Co więcej, system operacyjny dba o certyfikaty, sprawdzanie kodu i weryfikację, więc nie musisz się martwić. Na przykład system Windows używa tak zwanego łańcucha certyfikatów. Łańcuch certyfikatów składa się ze wszystkich certyfikatów potrzebnych do zapewnienia legalności oprogramowania na każdym etapie.

“Łańcuch certyfikatów składa się ze wszystkich certyfikatów potrzebnych do certyfikacji podmiotu określonego w certyfikacie końcowym.
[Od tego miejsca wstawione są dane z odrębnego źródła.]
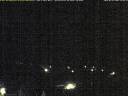 Vorschaubild von 15.07.2025 23:01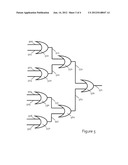 DETECTING KEY CORRUPTION diagram and image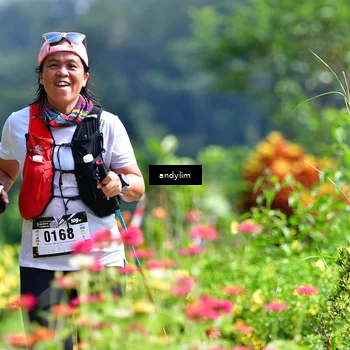 Runner Photo 5078226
W praktyce obejmuje to certyfikat końcowy, certyfikaty pośrednich urzędów certyfikacji oraz certyfikat głównego urzędu certyfikacji zaufany przez wszystkie strony w łańcuchu. Każdy pośredni urząd certyfikacji w łańcuchu posiada certyfikat wydany przez urząd certyfikacji jeden poziom nad nim w hierarchii zaufania. Główny urząd certyfikacji wydaje dla siebie certyfikat.”

Gdy system działa, możesz zaufać oprogramowaniu. CA i system podpisywania kodu wymagają ogromnego zaufania. W związku z tym złośliwe oprogramowanie jest złośliwe, niewiarygodne i nie powinno mieć dostępu do urzędu certyfikacji ani podpisywania kodu. Na szczęście w praktyce tak działa system.
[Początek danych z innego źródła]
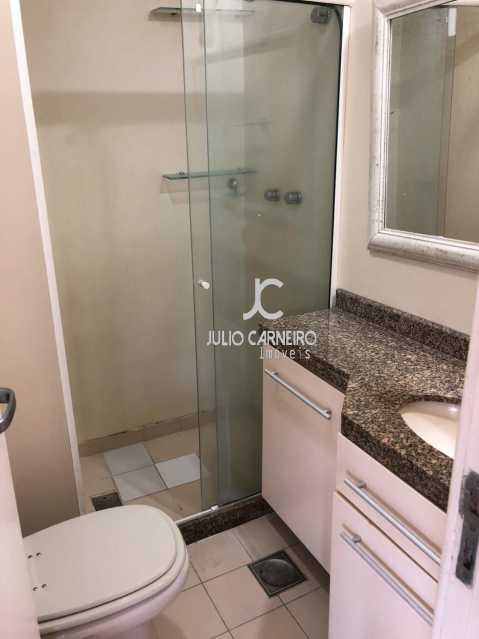 Conheça WhatsApp Image 2019-11-26 at 5 do imóvel - Apartamento Para Alugar - Barra da Tijuca - Rio de Janeiro - RJ - JCAP30207 - 12 WhatsApp Image 2019-11-26 at 5 - Apartamento Para Alugar - Barra da Tijuca - Rio de Janeiro - RJ - JCAP30207 - 12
Oczywiście, dopóki twórcy szkodliwego oprogramowania i hakerzy nie znajdą sposobu na obejście tego problemu.

Hakerzy kradną certyfikaty od urzędów certyfikacji

Twój program antywirusowy wie, że złośliwe oprogramowanie jest złośliwe, ponieważ ma negatywny wpływ na twój system. Wywołuje ostrzeżenia, użytkownicy zgłaszają problemy, a program antywirusowy może utworzyć sygnaturę złośliwego oprogramowania, aby chronić inne komputery za pomocą tego samego narzędzia antywirusowego.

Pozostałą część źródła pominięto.